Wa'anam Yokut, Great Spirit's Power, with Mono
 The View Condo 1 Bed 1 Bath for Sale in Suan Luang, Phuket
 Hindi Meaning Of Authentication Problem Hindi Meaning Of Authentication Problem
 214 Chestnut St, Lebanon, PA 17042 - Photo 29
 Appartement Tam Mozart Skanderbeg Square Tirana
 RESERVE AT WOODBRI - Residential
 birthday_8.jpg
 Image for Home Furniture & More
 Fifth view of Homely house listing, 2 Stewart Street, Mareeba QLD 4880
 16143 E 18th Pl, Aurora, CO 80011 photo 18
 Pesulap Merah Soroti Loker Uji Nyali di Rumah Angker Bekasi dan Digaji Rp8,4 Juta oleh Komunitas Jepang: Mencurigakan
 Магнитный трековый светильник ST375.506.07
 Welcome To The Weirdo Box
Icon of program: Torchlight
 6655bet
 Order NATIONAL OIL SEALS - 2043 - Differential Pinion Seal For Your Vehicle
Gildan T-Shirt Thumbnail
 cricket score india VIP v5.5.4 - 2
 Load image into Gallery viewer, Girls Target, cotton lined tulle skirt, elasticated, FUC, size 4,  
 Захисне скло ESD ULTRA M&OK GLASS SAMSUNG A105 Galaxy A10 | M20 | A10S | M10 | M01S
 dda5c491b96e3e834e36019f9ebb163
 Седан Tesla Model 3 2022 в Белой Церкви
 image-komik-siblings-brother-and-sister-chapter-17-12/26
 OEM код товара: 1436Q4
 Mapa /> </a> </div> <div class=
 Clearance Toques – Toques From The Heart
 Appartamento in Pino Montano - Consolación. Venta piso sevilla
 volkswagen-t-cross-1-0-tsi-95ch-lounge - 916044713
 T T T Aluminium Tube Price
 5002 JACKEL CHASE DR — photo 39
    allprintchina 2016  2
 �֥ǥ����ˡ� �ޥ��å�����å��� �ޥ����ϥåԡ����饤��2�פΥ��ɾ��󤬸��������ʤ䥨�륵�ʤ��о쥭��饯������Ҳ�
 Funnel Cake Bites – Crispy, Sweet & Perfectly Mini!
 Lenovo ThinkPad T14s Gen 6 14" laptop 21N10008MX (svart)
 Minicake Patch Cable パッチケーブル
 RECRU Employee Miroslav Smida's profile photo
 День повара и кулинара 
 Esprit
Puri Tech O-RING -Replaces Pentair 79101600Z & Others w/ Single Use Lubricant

### Exercise directions
Write out precisely the lines from the one holding "16143 E 18th Pl, Aurora, CO 80011 photo 18" through the end of the material, including both of those ends.

### Task solution
 16143 E 18th Pl, Aurora, CO 80011 photo 18
 Pesulap Merah Soroti Loker Uji Nyali di Rumah Angker Bekasi dan Digaji Rp8,4 Juta oleh Komunitas Jepang: Mencurigakan
 Магнитный трековый светильник ST375.506.07
 Welcome To The Weirdo Box
Icon of program: Torchlight
 6655bet
 Order NATIONAL OIL SEALS - 2043 - Differential Pinion Seal For Your Vehicle
Gildan T-Shirt Thumbnail
 cricket score india VIP v5.5.4 - 2
 Load image into Gallery viewer, Girls Target, cotton lined tulle skirt, elasticated, FUC, size 4,  
 Захисне скло ESD ULTRA M&OK GLASS SAMSUNG A105 Galaxy A10 | M20 | A10S | M10 | M01S
 dda5c491b96e3e834e36019f9ebb163
 Седан Tesla Model 3 2022 в Белой Церкви
 image-komik-siblings-brother-and-sister-chapter-17-12/26
 OEM код товара: 1436Q4
 Mapa /> </a> </div> <div class=
 Clearance Toques – Toques From The Heart
 Appartamento in Pino Montano - Consolación. Venta piso sevilla
 volkswagen-t-cross-1-0-tsi-95ch-lounge - 916044713
 T T T Aluminium Tube Price
 5002 JACKEL CHASE DR — photo 39
    allprintchina 2016  2
 �֥ǥ����ˡ� �ޥ��å�����å��� �ޥ����ϥåԡ����饤��2�פΥ��ɾ��󤬸��������ʤ䥨�륵�ʤ��о쥭��饯������Ҳ�
 Funnel Cake Bites – Crispy, Sweet & Perfectly Mini!
 Lenovo ThinkPad T14s Gen 6 14" laptop 21N10008MX (svart)
 Minicake Patch Cable パッチケーブル
 RECRU Employee Miroslav Smida's profile photo
 День повара и кулинара 
 Esprit
Puri Tech O-RING -Replaces Pentair 79101600Z & Others w/ Single Use Lubricant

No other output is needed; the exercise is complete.